Éditions Édouard Garand (p. 48-50).

CHAPITRE XXVIII

ÉPREUVES


M. Jambeau était, en effet, bien malade et on craignait de le voir mourir. Ce fut, d’abord, une forte attaque de rhumatisme articulaire, puis il prit une sorte de bronchite, accompagnée de fièvre intense et de délire.

Ni Jean ni Maurice ne quittait M. Jambeau ; chacun leur tour, ils veillaient à son chevet, et le jour et la nuit. Ce bon M. Jambeau !… Et impossible de se procurer les conseils d’un médecin !… On le soignait à peu près, mais au meilleur de sa connaissance ; le bon Dieu ferait le reste !

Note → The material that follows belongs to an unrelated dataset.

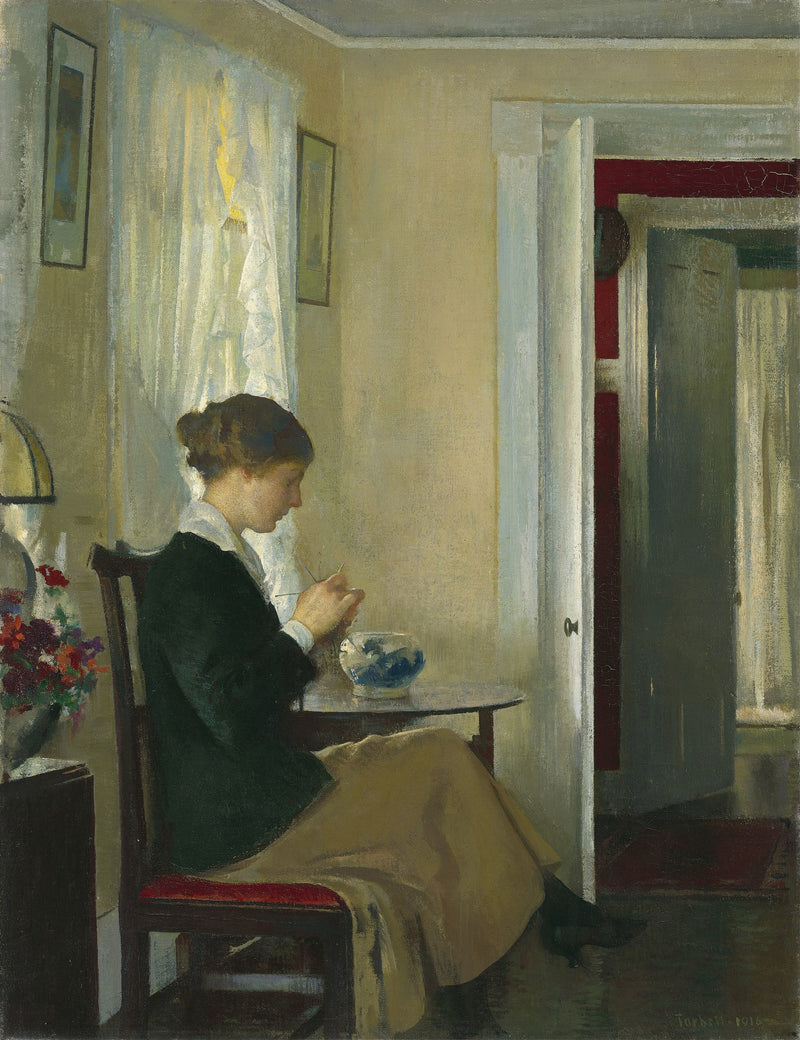 Josephine Knitting by Edmund Charles Tarbell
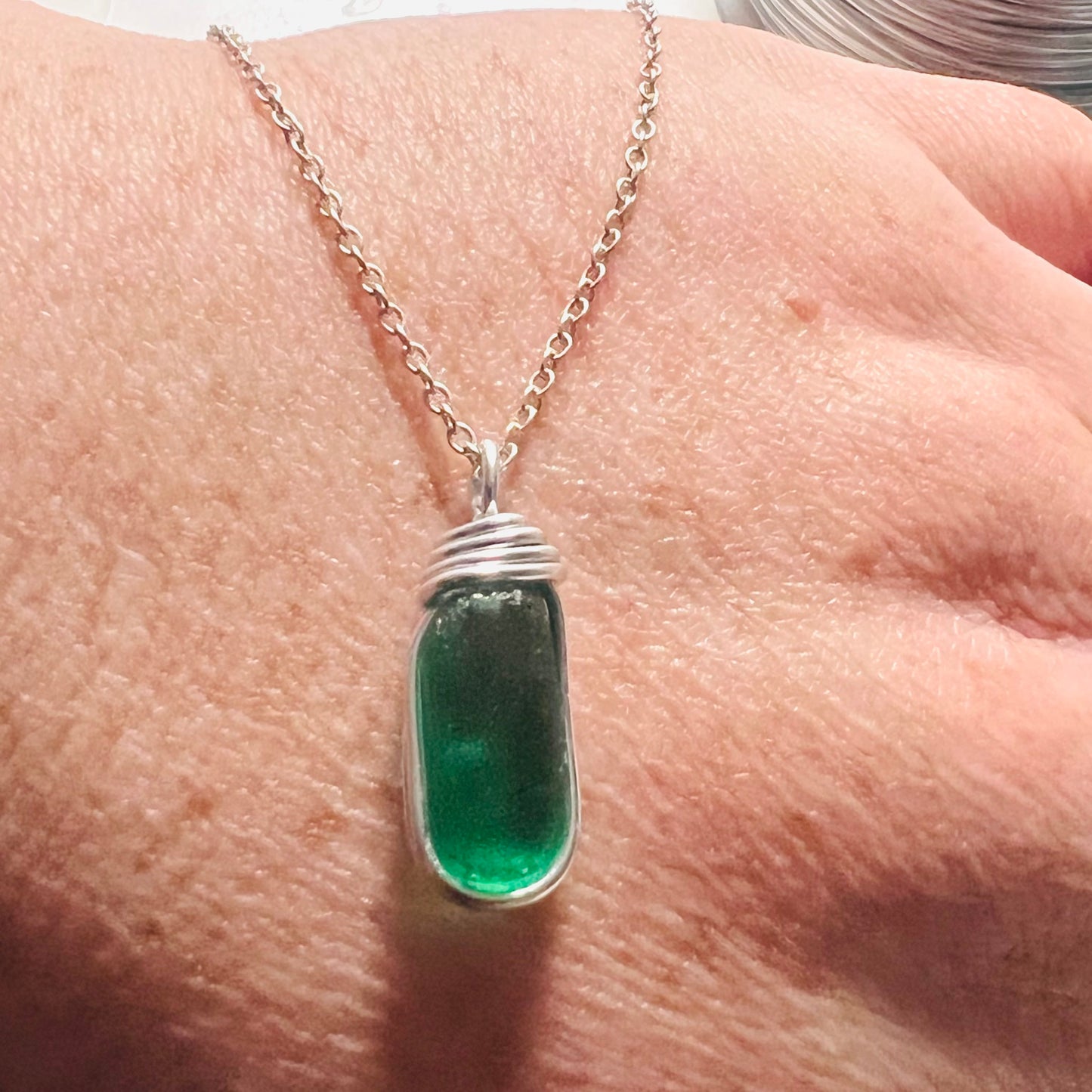 Canary Island Rare Turquoise Green Sea Glass Pendant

Souvent, dans le délire de la fièvre, M. Jambeau prononçait le nom de Marielle et, un jour, Maurice dit à Jean :

— Que penseriez-vous de l’idée d’envoyer Firmin au « Manoir-Roux » et d’essayer d’en ramener Mlle Marielle ? Il est très surprenant qu’elle ne soit pas venue d’elle-même, n’est-ce pas, Bahr, puisqu’elle sait que M. Jambeau est malade ? Firmin, ajouta Maurice, voulez-vous aller au « Manoir-Roux » ? Demandez à parler à Mlle Dupas et dites-lui comme M. Jambeau est malade. Dites-lui aussi qu’il prononce souvent son nom, à Mlle Dupas, dans son délire, et que nous avons pensé que sa présence ici ferait peut-être du bien au malade.

Je pars immédiatement, M. Leroy, répondit Firmin.

Avec quelle impatience on attendit le retour du domestique de M. Jambeau ! Enfin, il arriva ; mais il était seul.

Mlle  Marielle ? demandèrent, en même temps, Jean et Maurice.

— Messieurs, répondit Firmin, il y a des malades au « Manoir-Roux » aussi.

Mlle  Dupas ! s’écria Jean.

— Non, M. Bahr, pas Mlle Dupas. C’est elle qui m’a reçu… Mme Dupas est très-malade ; elle souffre de la même maladie que M. Jambeau, et on est très inquiet à son sujet. La vieille Nounou est, elle aussi, bien mal, et M. Dupas, depuis ce matin, a de continuels frissons.

— Ciel ! s’exclamèrent Jean et Maurice.

— J’ai trouvé Mlle Dupas bien changée, pâle et les yeux cerclés de noir : c’est qu’elle est seule pour soigner tous ces malades, continua Firmin.

— Mais, Mlle Vallier ? demanda Maurice. Est-elle malade, elle aussi ?

— Non, M. Leroy. Mais Mlle Vallier prétend avoir peur de cette maladie, qui est contagieuse, et elle reste dans sa chambre, ne descendant qu’aux heures des repas.

— Quel égoïsme ! dit Jean.

— Firmin, demanda Maurice, seriez-vous assez bon de vous rendre chez moi et dire à Chérubin de venir ici immédiatement ?

— Certainement, M. Leroy !

Firmin partit, puis il revint, au bout de quelques minutes, accompagné du domestique de Maurice.

— Chérubin, dit Maurice, nous venons d’apprendre que M. et Mme Dupas, ainsi que Nounou sont malade. Mlle Dupas a, seule, la charge de tous ces malades… Tu vas donc partir pour le « Manoir-Roux » et t’y installer, afin de donner à Mlle Dupas tout l’aide possible.

— Bien, M. Maurice, répondit Chérubin.

— Attends, Chérubin, dit Maurice, Tu viendras nous apporter des nouvelles du « Manoir-Roux », chaque jour, deux fois par jour même, si tu le peux.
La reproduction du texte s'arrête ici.